The WeBoost cell signal booster is amazingly effective. It consists of an outdoor antenna and an indoor antenna, both connected to a base station that runs on 12V power (so it even works when boondocking). If you have a faint signal, it will boost it up 1-2 bars, turning a frustrating lack of connectivity into pretty decent web surfing. (Of course, if you have zero signal, it can’t do magic and so it won’t work.) I have the base station stuck to the wall next to the upper kitchen cabinet, so it’s close to a 12V plug and out of the way (picture above).
The two antennas need to be 8 feet apart to avoid interference, so I have the indoor one right by the door (with the cable strung on top of the kitchen cabinet, making it pretty invisible. The hotspot or cell phone needs to be as close as possible to this antenna; best results are when they are touching, I’ve found.
The outdoor antenna is mounted on a collapsing flag pole I got at Ace Hardware, and then that is bolted to the bumper with two big U-bolts and metal plates (they come with the metal plates). I can collapse this down so that it fits neatly inside the back storage of the Alto, and I just pull it in and out of the back window when I want to set it up or stow it away.

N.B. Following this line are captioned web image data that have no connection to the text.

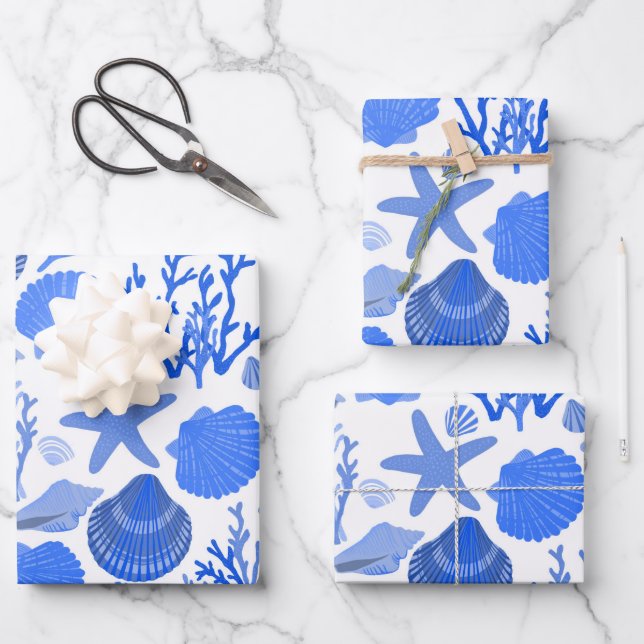 Blue Seashells and Coral Pattern Seaside Gift Wrapping Paper Sheet (Front)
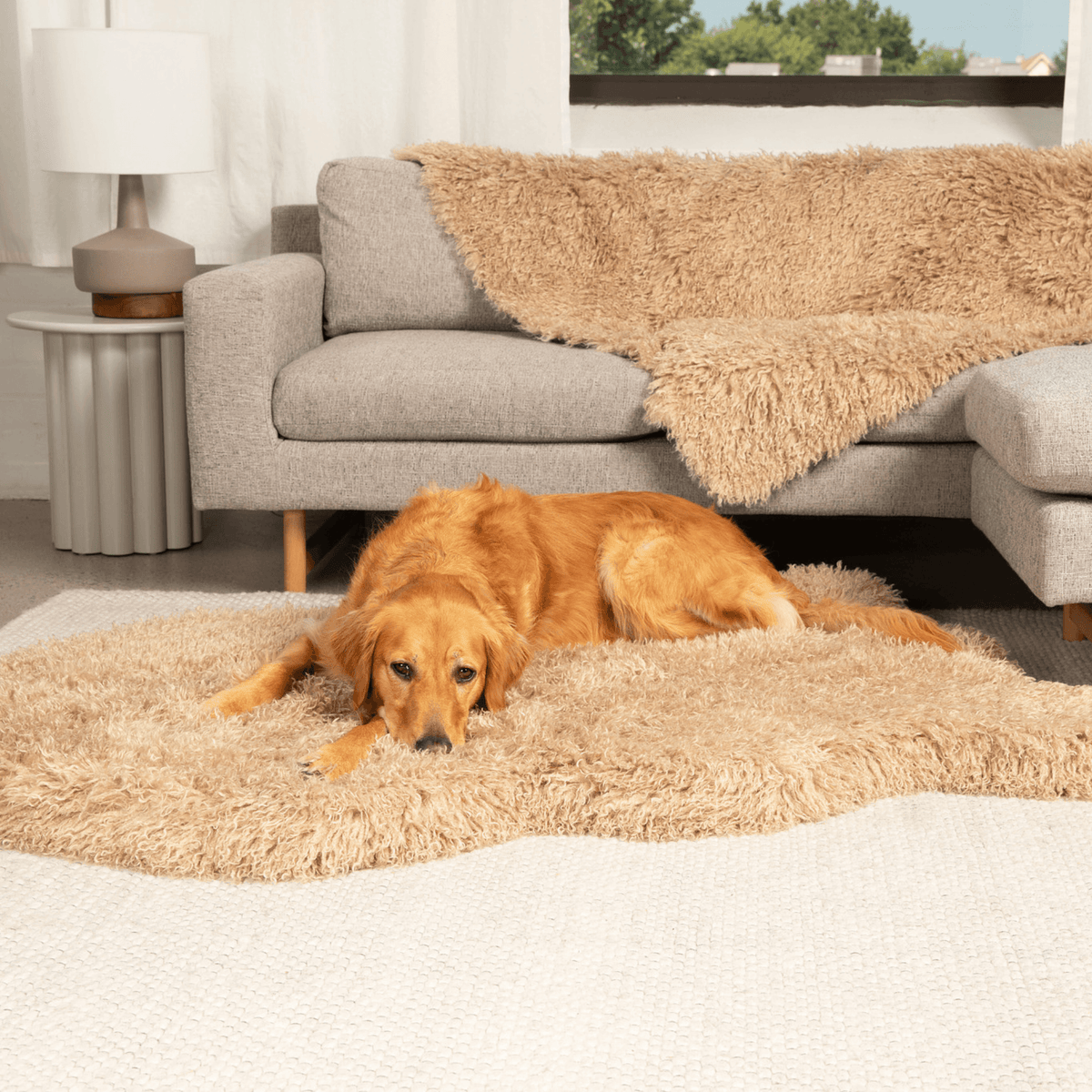 Orthopedic Faux Fur Dog Bed - Plush Sheep Tan - American Bark Bliss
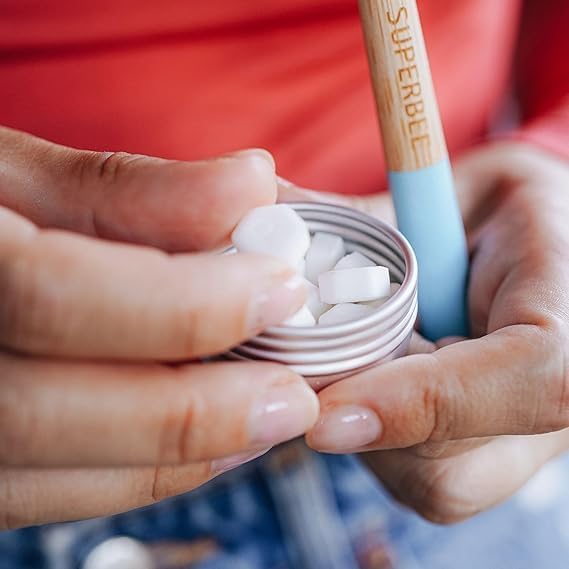 SuperBee Dentos Toothpaste Tablets, 14 Tabs, Fluoride Free & Eco Friendly, Travel Mouthwash Tablets, Sensitive Bites Kids Adults, Chewable Tablet, Spearmint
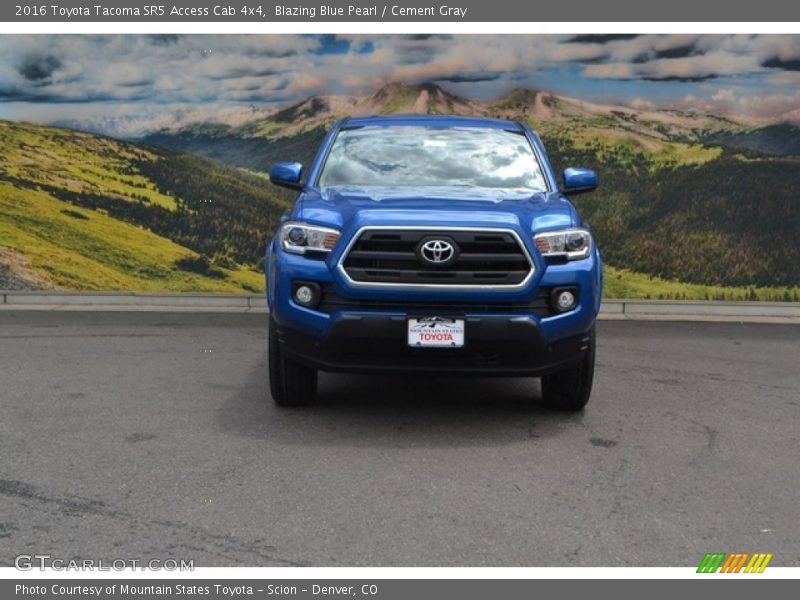 Blazing Blue Pearl / Cement Gray 2016 Toyota Tacoma SR5 Access Cab 4x4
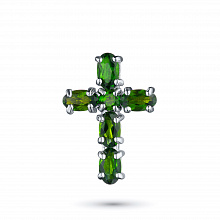 Sterling Silver Pendant with 6 Round-Cut Chromdiopsides 1.284 CT.TW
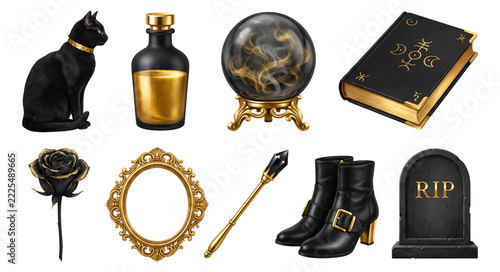 Luxury black and gold Halloween witchcraft objects bundle isolated on transparent background, black cat, golden potion, crystal ball, spellbook, glitter rose, frame, wand, and RIP stone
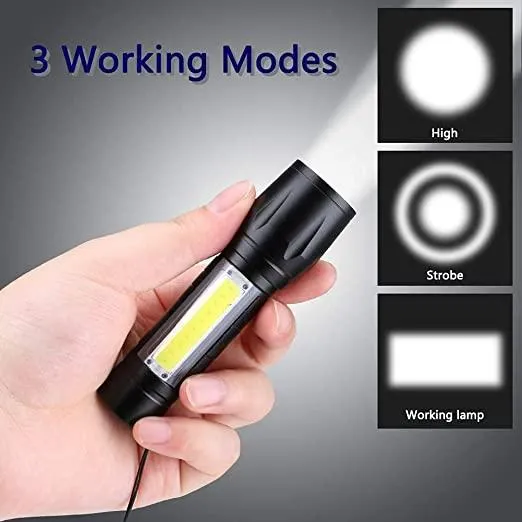 Pocket Size Mini Portable XPE   COB LED Tactical Flashlight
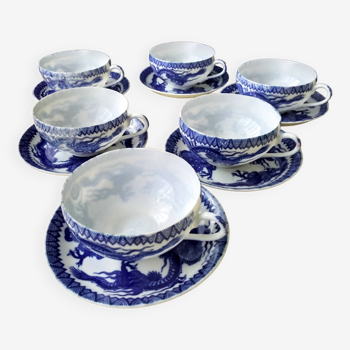 6 Japanese porcelain tea cups Dragon decoration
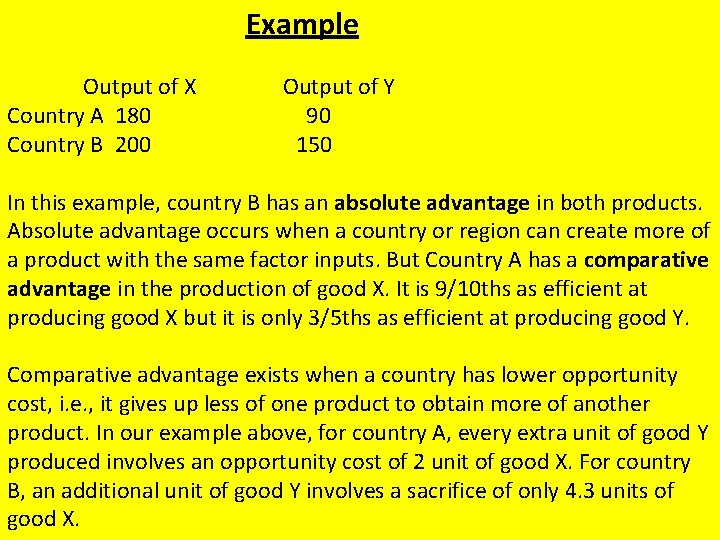Example Output of X Output of Y Country A 180 90 Country B 200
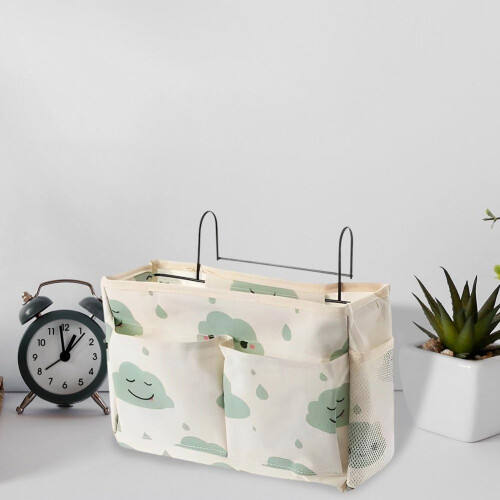 Bedside Storage Organizer with Iron Bar Clouds Pattern Dorm Bed Hanging Caddy SpaceSaving Design 2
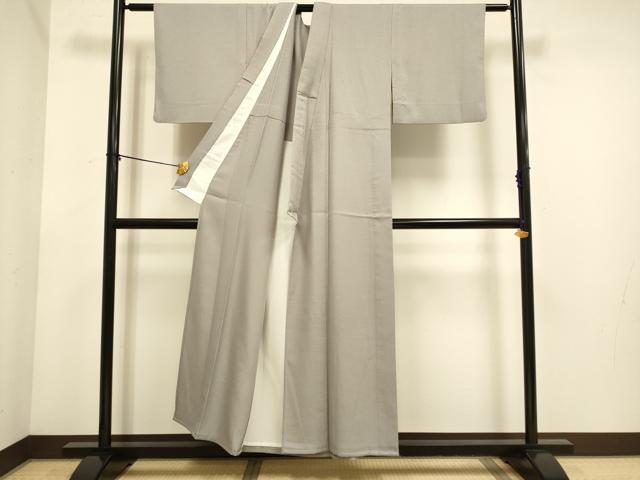 平和屋着物▽色無地 単衣 茶鼠色 洗える着物 DABE9821du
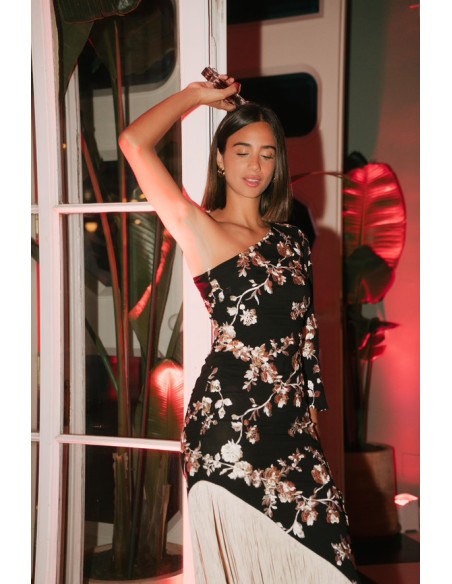 Vestido de fiesta midi con una manga y bajo de flecos - Roxana Zurdo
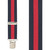 Navy Red Stripped X-Back Suspenders - 1 1/2" Width, 48" Length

I’ve supplemented my arsenal with a Netgear MIMO antenna that plugs into either of my hotspots and can provide better speeds than the WeBoost in some situations. For under $30, it was a no-brainer to try it out and, believe me, it’s an awesome little booster if you have a hotspot with two antenna ports (most hotspots do). Note: This is of no use for cell phones because of the antenna connections.
As of October 2017, this setup is working very well and I can’t think of ways I would improve it. What works for me might not work for you, especially if you’re not a full-timer and can go home after camping to a hard-wired high-speed internet connection!